Thats really all it would take to put most of UT3's offline community back into their seats, and start enjoying the game for once, there would still be flaws, certainly, but if we just had that, then we could probably get around the rest with mutators and ini tweaks, much like the online community is doing, is that really so much to ask?, that they throw us this bone? considdering we are probably talking about a monstrous amount of players here (atleast 50% remember? its not some fringe of 20 some people, there's alot of us).
 

Sir_Brizz

Administrator
Staff member
Feb 3, 2000
26,020
83
48
1) The clouser a game is to beeing really good, the more glaring its flaws will seem by contrast, thus making it rather frustrating to see flaws that seem very simple to fix go unpatched.
Seem simple is exactly the point when you consider the small amount of programming resources that are surely going into each patch.
2) There's not much of an alternative to UT3, if you want this kind of gameplay, what else is there really right now? i guess TF2 could be said to be UT3's clousest rival, but its hardly the same.
Back in 2003 this sort of game was more popular, and the classics like UT and Q3 for instance where not as dated, so they where easier to go back to for people.
So it's not really hard to see why people have an added intrest in UT3 becoming the kind of game they hoped for, and are quite frustrated that it doesen't perform as expected.
Maybe UT fans, but I think most people just don't want games like UT in general. The gameplay is too fast and it is too difficult to feel like you are making a contribution to your team in team games compared to other more popular games.

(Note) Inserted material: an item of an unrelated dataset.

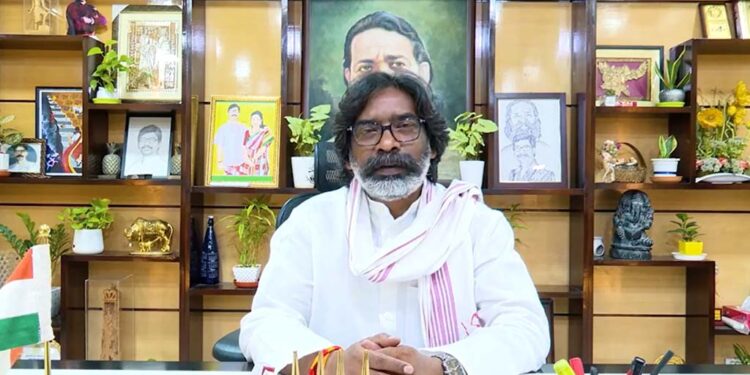 ଆସ୍ଥା ଭୋଟ୍ ଜିତିଲେ ହେମନ୍ତ ସୋରେନ: ଭୋଟ ବେଳେ କକ୍ଷ ତ୍ୟାଗ କଲା ବିଜେପି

That's the nature of this style of game.

I would love for UT to become popular, period. However, I think the days are gone that those of us who began serious FPS gaming in the latter half of the 90s. The majority of gamers out there right now want things like Halo and Gears of War and World of Warcrap.
However, i do disagree that UT2003 was a shoddier launch than UT3.
I'm sorry you feel that way, but UT2003 was missing about 95% of the features that UT3 was missing at launch, had a much more console-like UI (but better, IMO), and had terrible gameplay. At least UT3 had the gameplay right, in general.
What i want is very simple really, give IA back its bot/team setup options, and fix the menu's forgetting our settings, i don't think that's asking for the moon, or would you disagree? i'd say Epic should be well capable of patching that if they only wanted to, and it would bring a smile to the face of countless offliners all over the world.
I don't see any reason for that not to be patched in, but I also don't fully understand the ramifications of how the UI is written (or why it is written that way instead of the way it's done in Gears of War).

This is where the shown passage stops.